◆ YOUR ASSIGNMENT ◆
Starting at the line that contains "Studio House Grand", transcribe each line exactly through the end of the data below, and skip any pictures.

◆ SUPPLIED DATA ◆

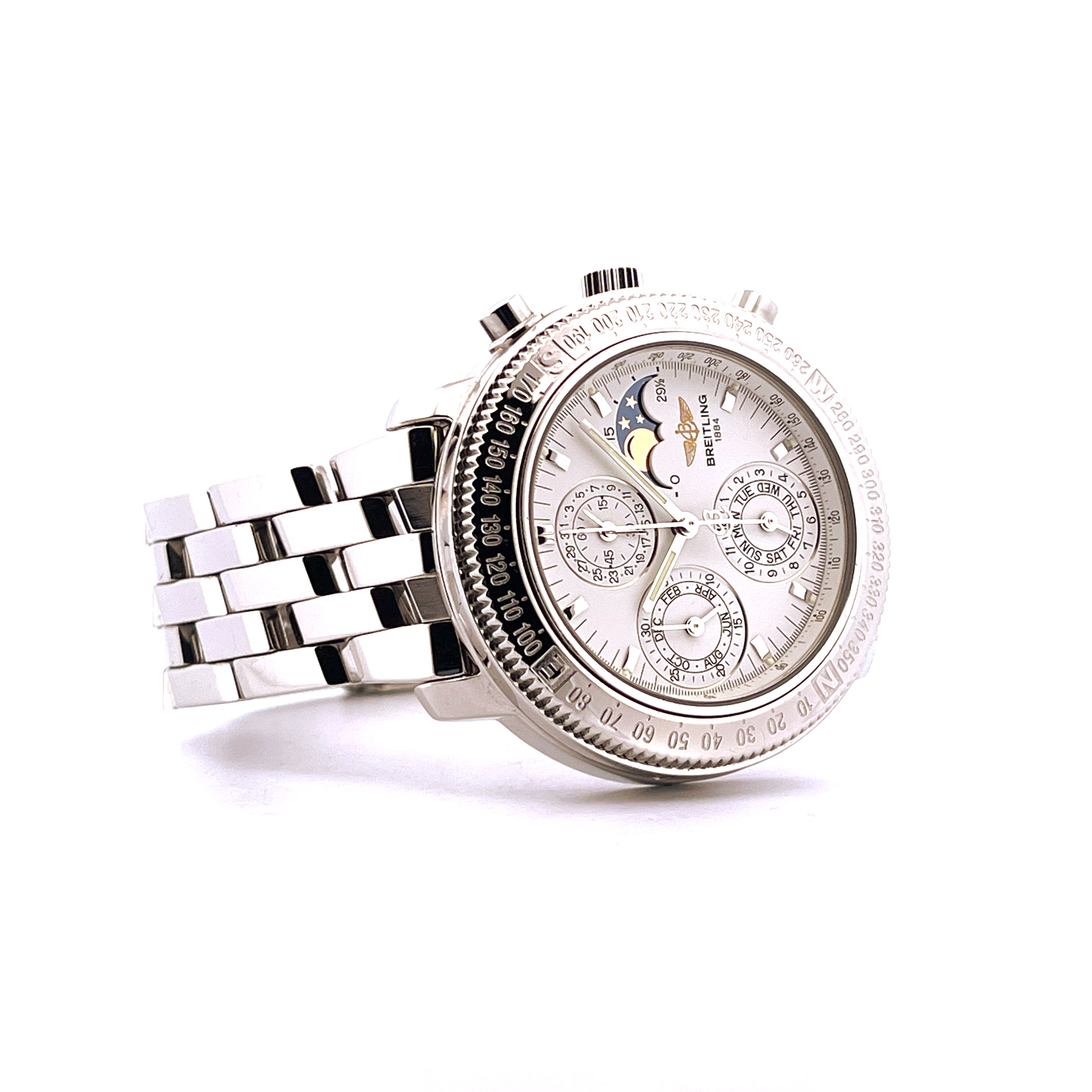 Breitling Astromat Chronograph Moonphase Uhr mit Stahlband von links in voller Ansicht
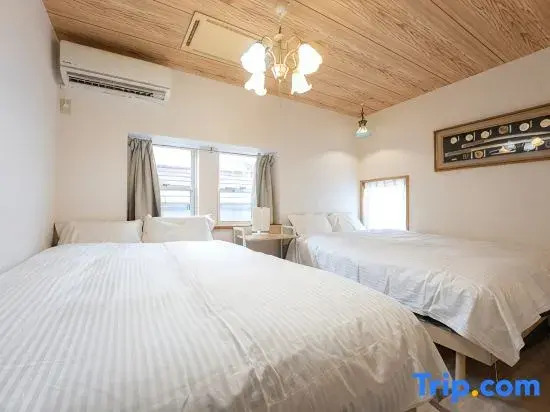 Studio House Grand Piano / near JR Shinjuku stn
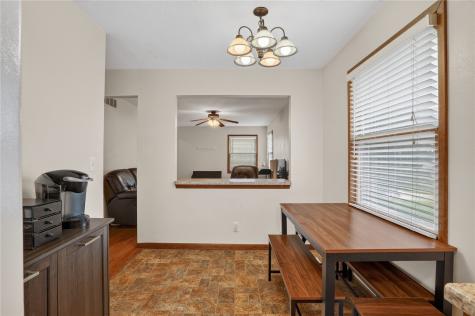 318 Wiley Boulevard NW Cedar Rapids IA 52405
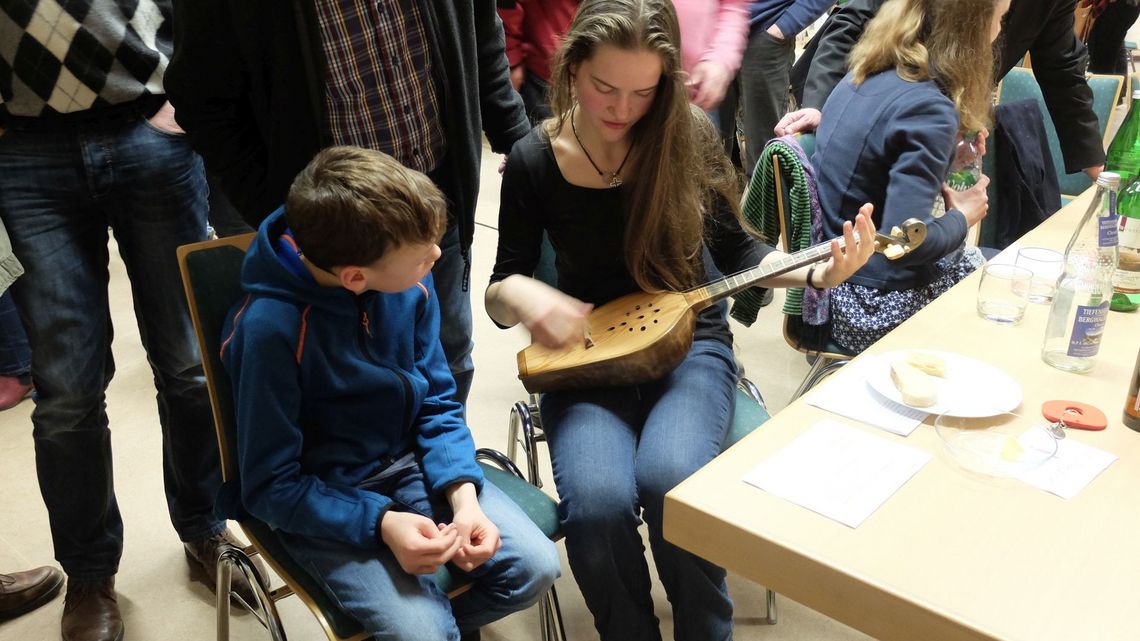 Georgische Musik auf der Panduri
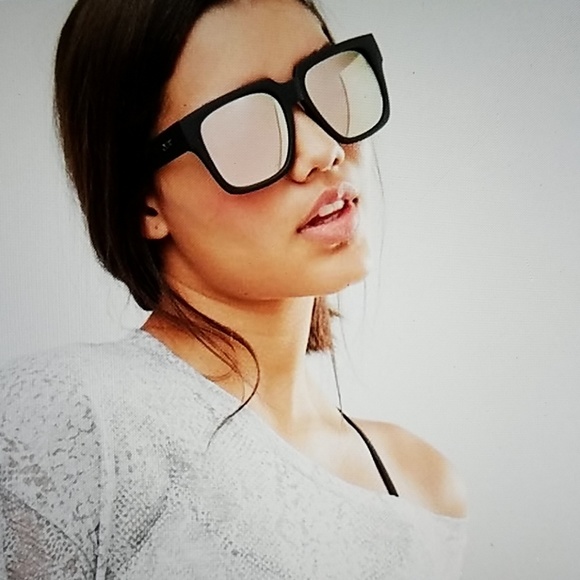 Quay Australia Accessories - 1 left! Quay on the prowl pink mirror sunnies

◆ EXERCISE ANSWER ◆
 Studio House Grand Piano / near JR Shinjuku stn
 318 Wiley Boulevard NW Cedar Rapids IA 52405
 Georgische Musik auf der Panduri
 Quay Australia Accessories - 1 left! Quay on the prowl pink mirror sunnies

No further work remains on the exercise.